__WHAT YOU WILL DO__:
Give every entry below again, exactly as written, and skip the images.

==== GIVEN ENTRIES

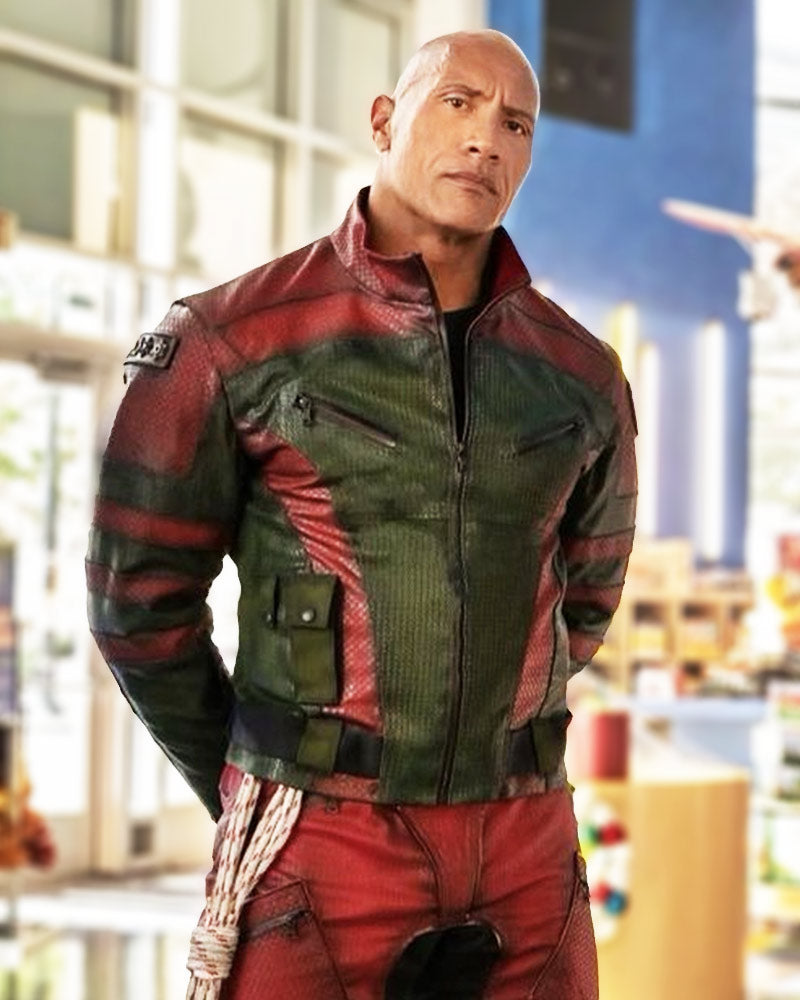 Red One 2023 Dwayne Johnson Leather Jacket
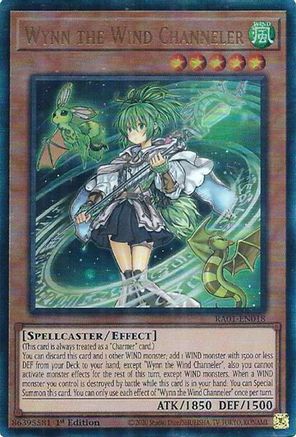 Image of Wynn the Wind Channeler [RA01-EN018] Prismatic Ultimate Rare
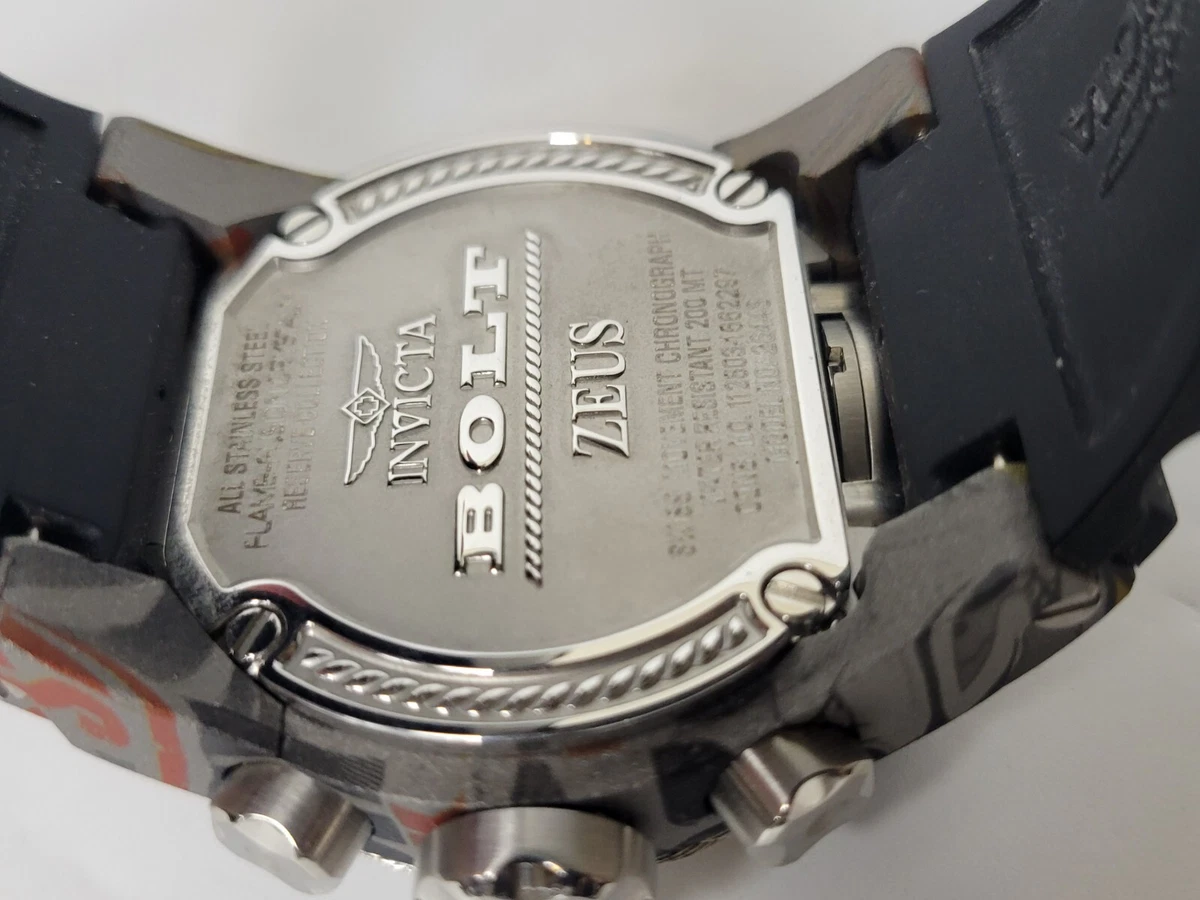 Invicta Reserve Men s Bolt Zeus Magnum Graffiti Chronograph Watch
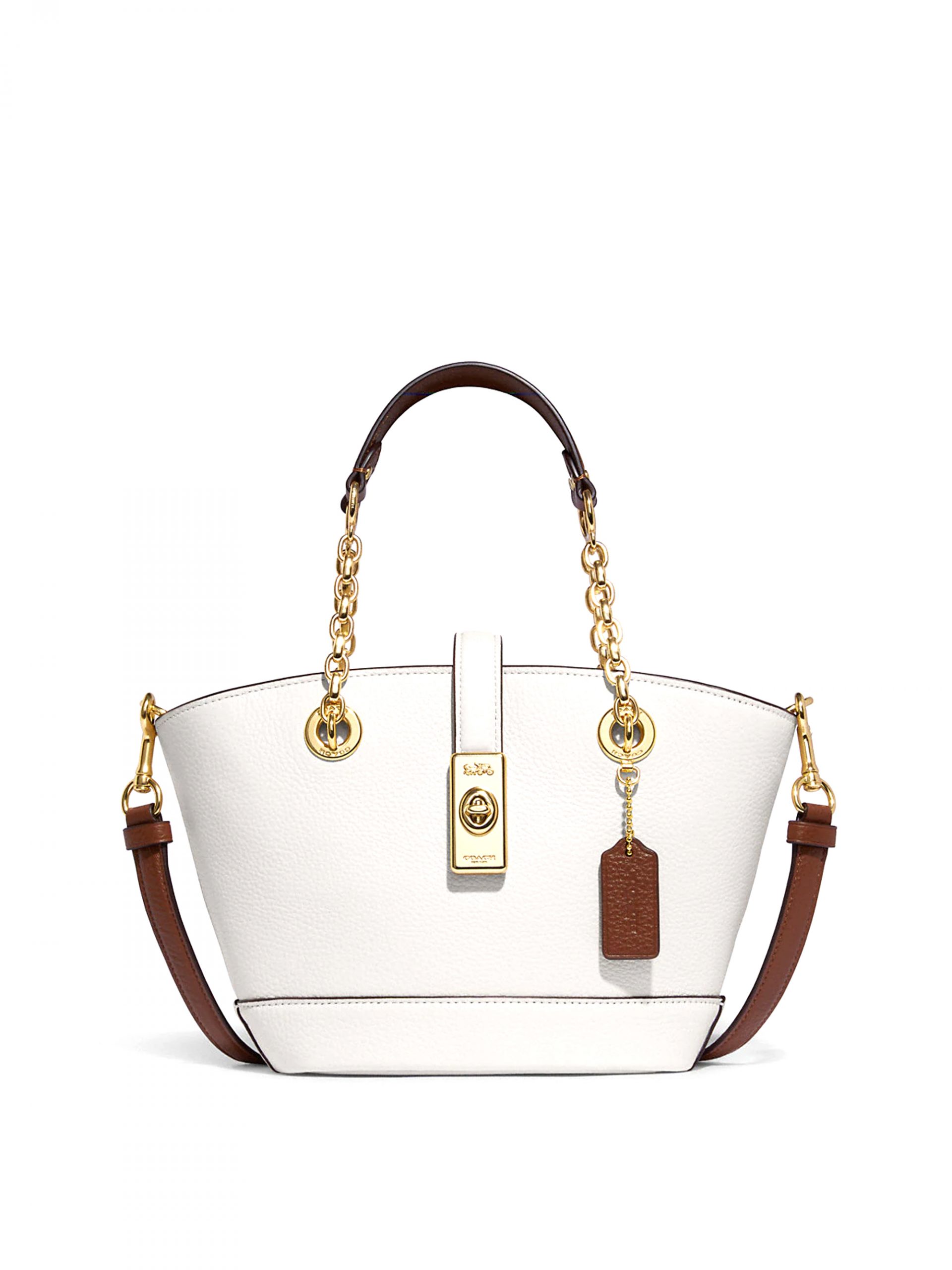 Coach Lane Bucket Bag Colorblock Chalk Multi - Averand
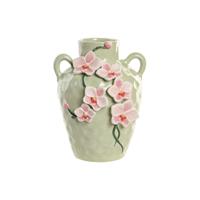 Vaas Home ESPRIT Groen Roze Keramisch Orientaals 21 x 21 x 27 cm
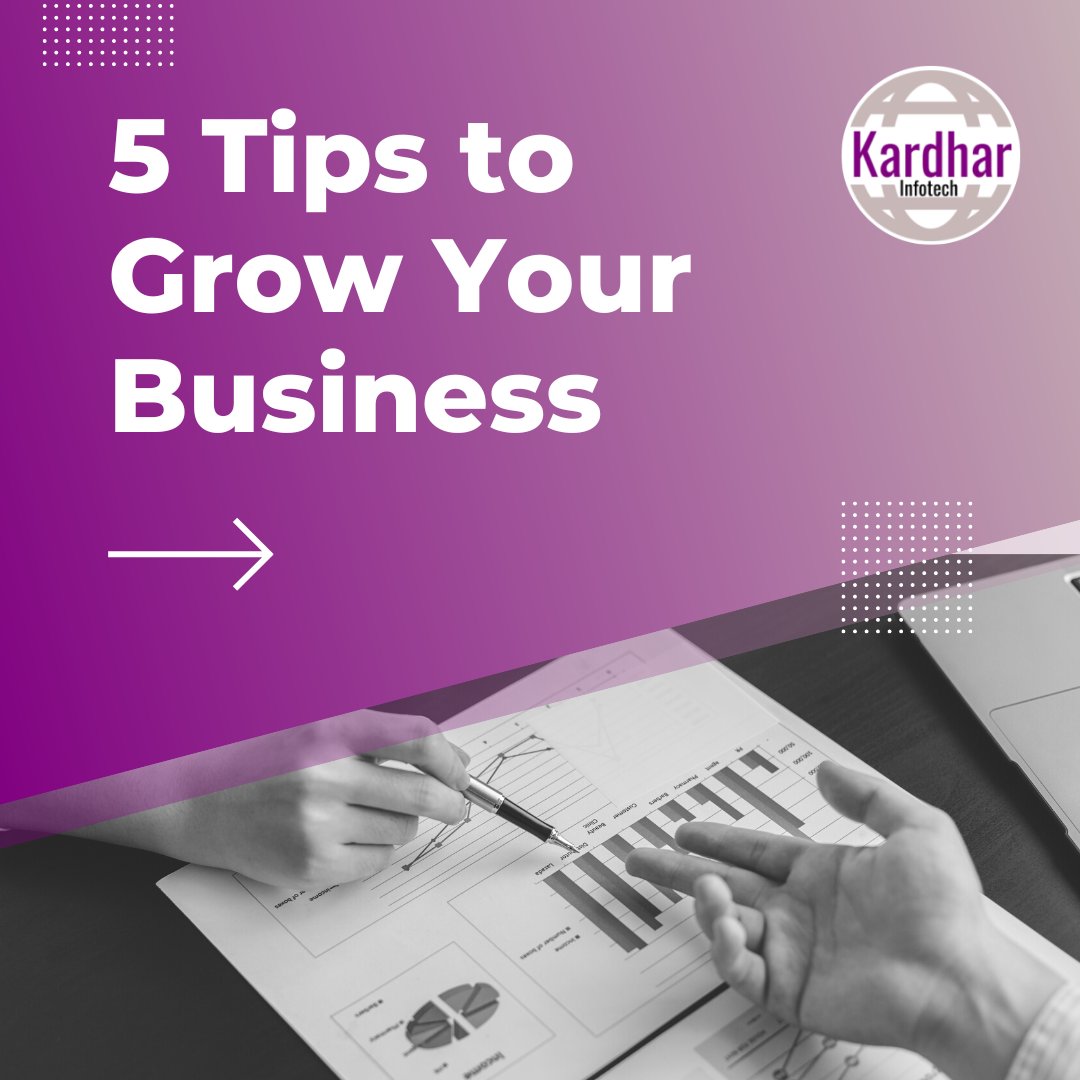 kardharinfotech's tweet photo. Growing a business is an ongoing process that requires consistent effort and dedication. To achieve success, it's essential to set clear &amp; achievable goals, understand your target market, and build a strong brand that reflects your business's values and unique selling proposition https://t.co/Vyi9FyOqKO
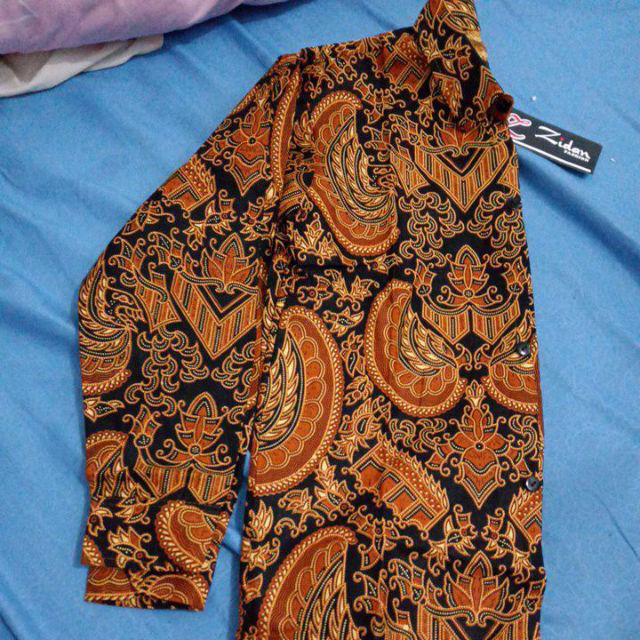 Kemeja Batik Anak Lengan Panjang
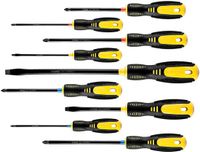 TOPEX Serie Schroevendraaierset - 9 Stuks - Magnetische Punt - Ergonomische Handgreep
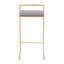 Fuji - Contemporary / Glam & Quality Construction Barstool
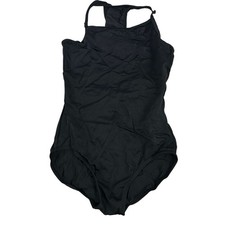 Balera Womens Large Black Halter Dance Leotard Open Back Comfortable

========

__WRITTEN REPLY__:
 Red One 2023 Dwayne Johnson Leather Jacket
 Image of Wynn the Wind Channeler [RA01-EN018] Prismatic Ultimate Rare
 Invicta Reserve Men s Bolt Zeus Magnum Graffiti Chronograph Watch
 Coach Lane Bucket Bag Colorblock Chalk Multi - Averand
 Vaas Home ESPRIT Groen Roze Keramisch Orientaals 21 x 21 x 27 cm
 kardharinfotech's tweet photo. Growing a business is an ongoing process that requires consistent effort and dedication. To achieve success, it's essential to set clear &amp; achievable goals, understand your target market, and build a strong brand that reflects your business's values and unique selling proposition https://t.co/Vyi9FyOqKO
 Kemeja Batik Anak Lengan Panjang
 TOPEX Serie Schroevendraaierset - 9 Stuks - Magnetische Punt - Ergonomische Handgreep
 Fuji - Contemporary / Glam & Quality Construction Barstool
 Balera Womens Large Black Halter Dance Leotard Open Back Comfortable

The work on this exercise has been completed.